En dépit de cette victoire, le président devra faire face à des défis colossaux au cours de son nouveau mandat. La crise économique qui sévit en Tunisie, avec un taux d’inflation galopant et un chômage qui touche 16,4 % de la population active, pèse lourdement sur le quotidien des Tunisiens. Saïed n’a pas réussi à relancer l’économie durant son premier mandat, et son rejet des diktats du FMI complique l’accès à des aides financières internationales essentielles pour le pays.
Sur le plan politique, la répression des opposants et de la société civile s’est intensifiée au fil des années. Depuis 2023, plusieurs figures politiques, dont Rached Ghannouchi, leader du mouvement islamiste Ennahda, et des syndicalistes, avocats et militants des droits humains, ont été emprisonnés. Cette tendance à l’autoritarisme pourrait se poursuivre, menaçant davantage les acquis démocratiques de la révolution de 2011.

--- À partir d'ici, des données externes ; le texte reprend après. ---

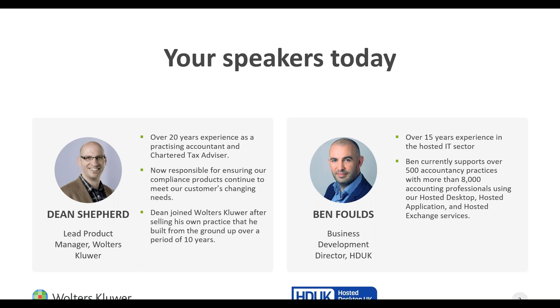For those of you who don't know, Hosted Desktop UK are a specialist provider of cloud IT services, predominantly in the accounting industry. They've got over 500 accountancy practices on their books, many of whom are Walters Clure customers who use our CCH suite of software products, as well as many other professional service providers and corporate clients. I think it's fair to say, Ben, that you guys know the accountancy industry pretty well.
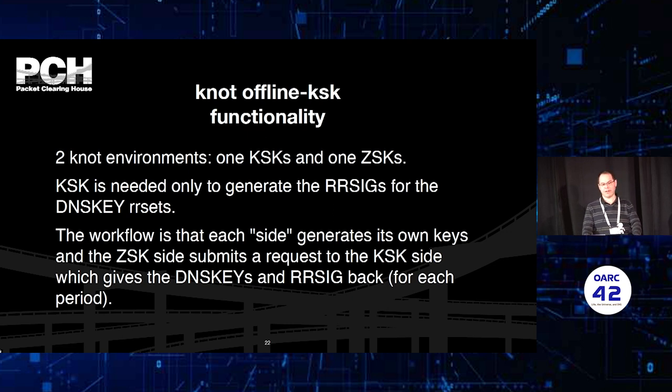This is how Knot envisions and implements the offline KSK functionality. There are two environments: one with KSKs and another with ZSKs. The KSK is needed only to generate the RRSIGs for the DNSKEY RRset. The workflow is that each side generates its own keys, and the ZSK side submits the public part to the KSK side, which gives back a signature for the KSK and the associated RRSIGs — multiples if needed for a longer period.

La réélection de Kaïs Saïed avec une majorité écrasante place la Tunisie à un tournant. Entre un pays en crise et une gouvernance critiquée pour ses dérives autoritaires, le second mandat du président sera déterminant pour l’avenir de la Tunisie. Les regards se tournent maintenant vers ses actions à venir, et sa capacité à répondre aux attentes de la population, tout en rétablissant une légitimité démocratique qui semble de plus en plus fragile.